The Fund emphasized that the Central Bank of Uzbekistan (CBU) should limit its foreign exchange interventions according to the principle of neutrality. This principle dictates that if the CBU purchases domestically produced gold using local currency, it must offset the monetary impact by selling an equivalent amount of foreign currency—typically U.S. dollars—on the domestic market. This helps avoid injecting excess liquidity into the economy, which could stoke inflationary pressures.

Despite substantial foreign currency inflows in 2024, the exchange rate of the U.S. dollar to the Uzbek sum depreciated by only 4.7%, remaining in a narrow range. However, the IMF noted that the CBU sold less foreign currency than it purchased in gold, effectively breaching the neutrality principle. This discrepancy may have resulted in increased money supply and potential inflationary risks.

The Uzbek authorities acknowledged the shortfall in foreign currency sales compared to gold purchases but stressed that the resulting excess liquidity had been sterilized using other monetary tools. Nevertheless, the IMF reiterated the importance of adhering to the neutrality principle on a calendar-year basis to maintain monetary stability.

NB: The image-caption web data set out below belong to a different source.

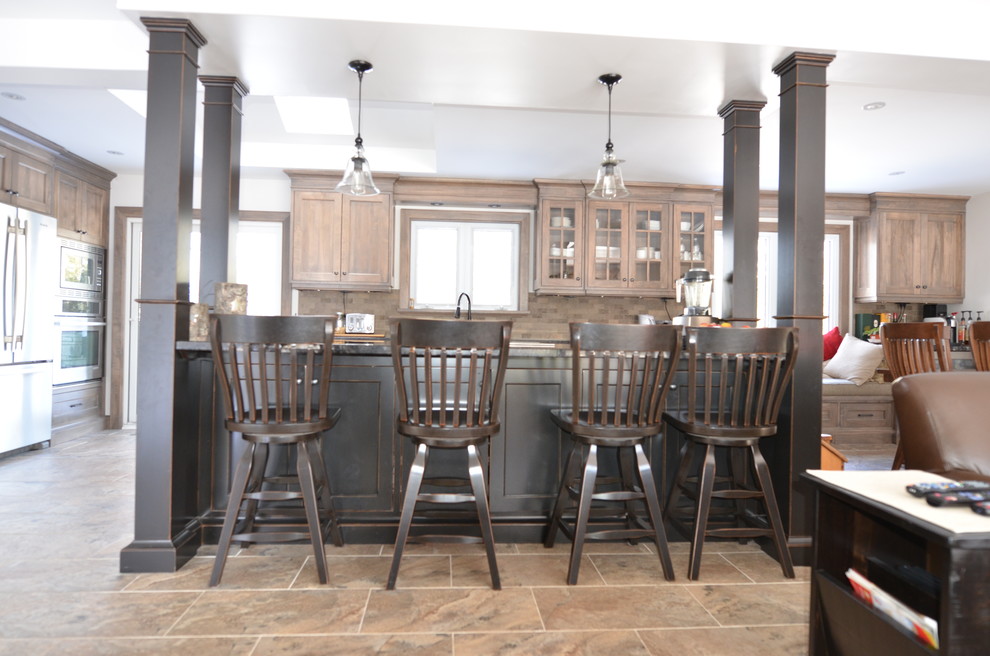 Example of a transitional kitchen design in Toronto
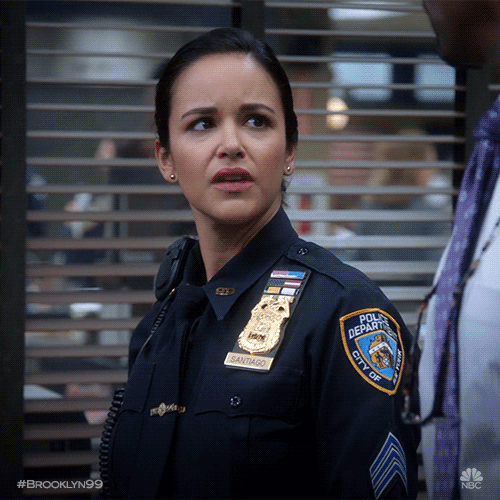 TV gif. Melissa Furmero as Amy Santiago on Brooklyn Nine-Nine wears a police uniform and looks up at a man next to her with disgust, frowning and furrowing her eyebrows.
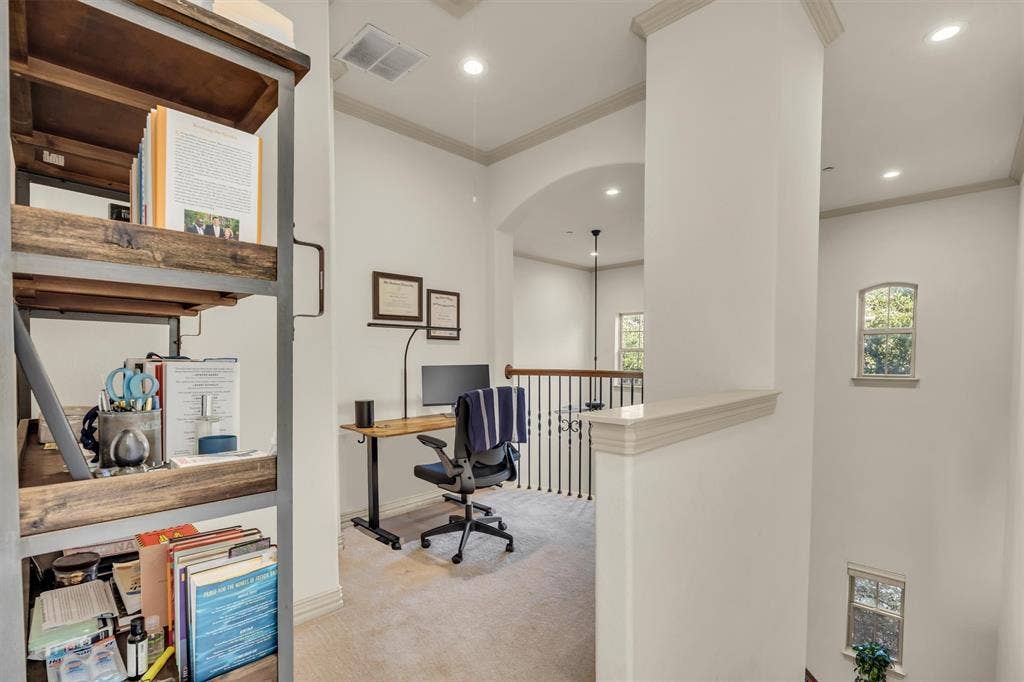 8249 Short Street, Frisco, TX 75034 Carpeted loft area featuring a dark wood-finish desk, recessed lighting, arched doorway, and white painted balusters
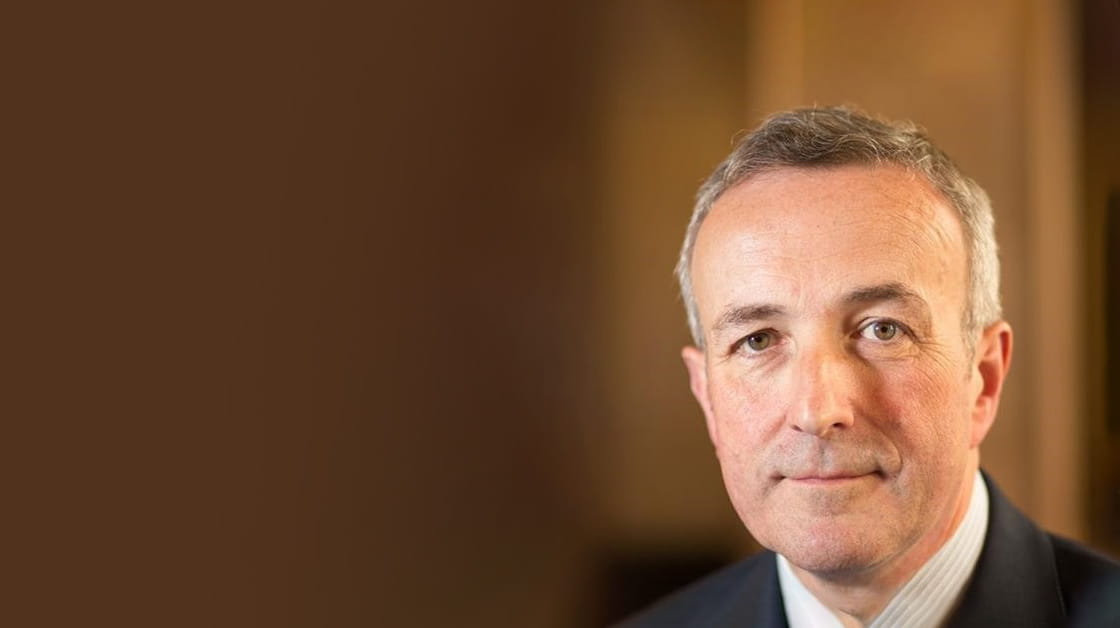 Robert Bourns is a white man with short, dark grey hair. He is smiling and wears a black suit with a white shirt.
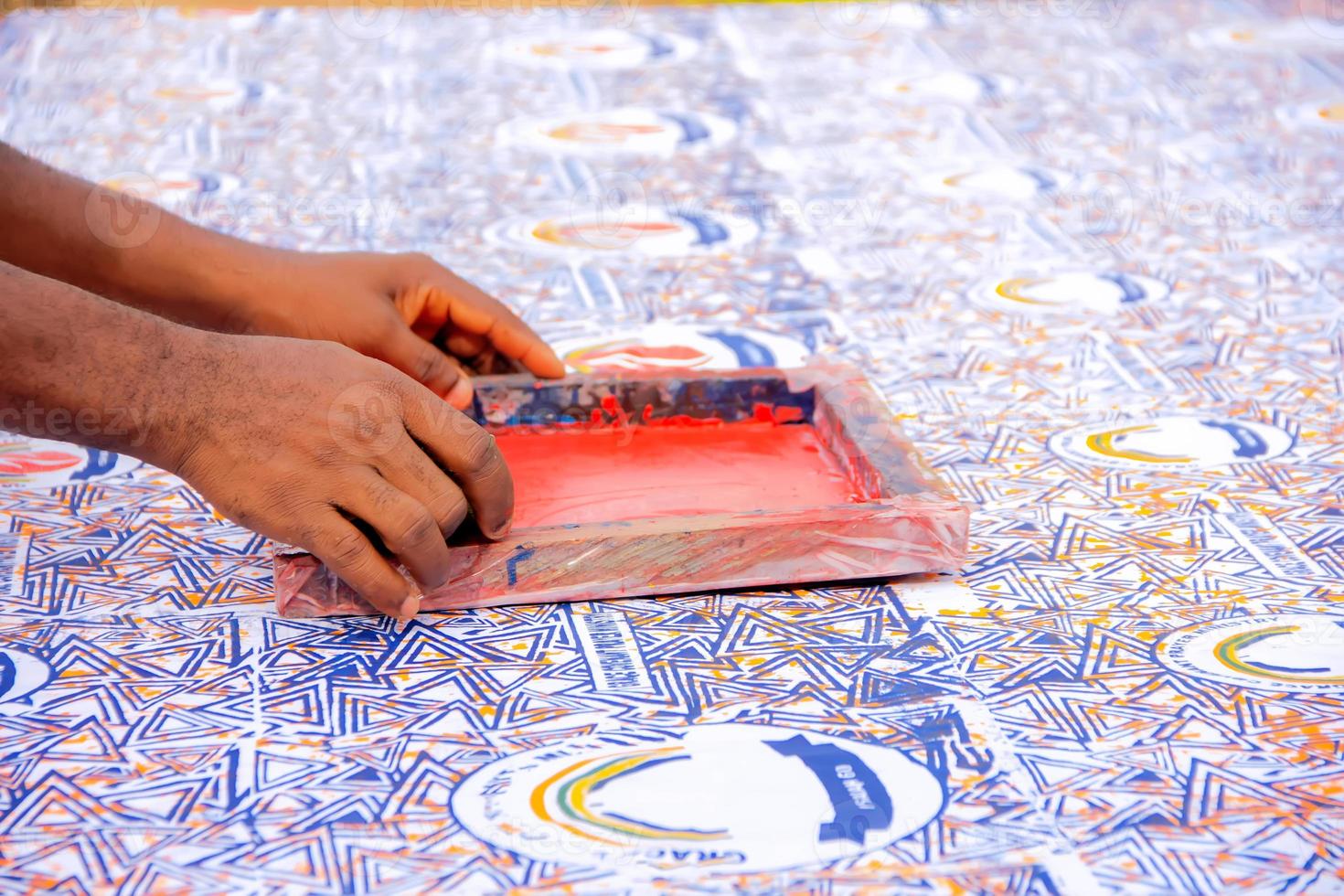 main un artiste pressant une raclette sur une boîte de sérigraphie pour imprimer sur du tissu. photo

According to Gazeta.uz, recent months have shown a noticeable increase in the volatility of the exchange rate. From January to April 2024, the average daily fluctuation was around 13.6 sums, while in May and June, it jumped to 36.7 sums. This suggests a gradual shift toward a more flexible exchange rate regime—likely in line with the IMF's recommendations.

In comparison, the fluctuation range during May–June 2024 was 18.4 sums, while in the same period of 2025, it averaged 15 sums. This growing variability may signal a reduction in strict administrative controls over the exchange rate and a step toward a market-based mechanism.

Experts explain that the neutrality principle is essential for balancing gold purchases with currency market operations. Without this balance, the CBU effectively injects unbacked sums into the economy, which can lead to overheating and rising inflation.

A more flexible exchange rate allows the market to respond organically to external conditions—such as commodity price swings, export declines, or geopolitical risks—reducing the need for costly central bank interventions and helping preserve foreign currency reserves.

In addition, a flexible regime can help dismantle entrenched expectations of ongoing devaluation. If businesses and the public observe that the exchange rate can both weaken and strengthen, confidence in long-term macroeconomic stability will likely improve.

The IMF acknowledged that exceptions to the neutrality principle may be warranted in extraordinary circumstances—such as in 2021 following the COVID-19 pandemic or during the early years of the war in Ukraine (2022–2023). However, the Fund urged that such exceptions be governed by clear, transparent criteria to avoid market uncertainty and maintain the credibility of monetary authorities.

The IMF’s recommendations and the government’s willingness to embrace them indicate that Uzbekistan is preparing for more than just technical adjustments in currency policy. What lies ahead is a broader transition to a new phase of monetary governance—one that emphasizes flexibility, predictability, and transparency in central bank operations.